Several months ago, I had the pleasure of meeting Sharon Butala after brazenly contacting her to ask if she would write a back cover blurb for my upcoming book, The Boy. Sharon graciously agreed, and when we met and talked about writing, she told me that her sister and I shared the experience of social work and in particular of child protection work. I was intrigued to hear that Deanna, too, had a book of short stories published in 2008, and as with me her experience spilled into her writing. In fact, her book explored the world of the front-line child protection worker. I sent Deanna an email and suggested an exchange of books. A week later, No Easy Answers was in my mailbox. Frances Itani’s words of praise are on the book cover:
Lueder’s writing shines with quiet compassion, even while evoking grim reality.
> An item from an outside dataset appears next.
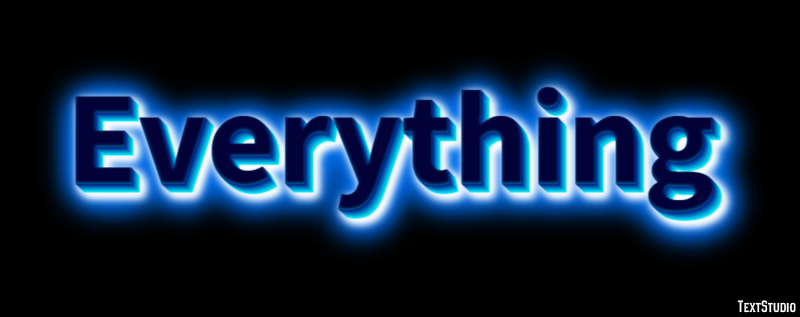 Everything Effetto testo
Always direct, never sentimental, these stories give an insider’s view of the costs and rewards of working with bleak but never entirely hopeless lives—especially the lives of children who find themselves on the fringes of society.
I have found it difficult in my own writing to release myself from the years of working in child welfare programs. Not nearly so many years as Deanna Lueder’s long career in this heartbreaking profession, but long enough that I read No Easy Answers with my heart responding every time Lexie, the social worker in Deanna’s work of fiction was assigned a new case.
I dedicated my first novel Running Toward Home, to children in care and the foster parents and social workers who keep them safe. “Lexie” is exactly the social worker I had in mind. I believe that all of the helping professions are fraught with the difficulty that no matter which way a tough decision is made, there is human fall-out. I can’t do better than Deanna Lueder’s words in explaining why this is an important book. From the Afterword to No Easy Answers:
“I’ve gradually come to believe that the basic characteristics of a competent social worker are formed in childhood: respect, empathy, compassion, and intuition (the famous “flinch factor”). … I hope that the writing will give credence to a much-maligned profession and reveal to the reader that it is indeed a worthwhile one, not to be dismissed as mere “do-gooding” or as a job of unrelieved doom and gloom. Social work is a profession that is perfect for the curious learner, the optimist, the communicator, and the lover of life.”
This is an important book, and I am grateful to Deanna Lueder for having written it.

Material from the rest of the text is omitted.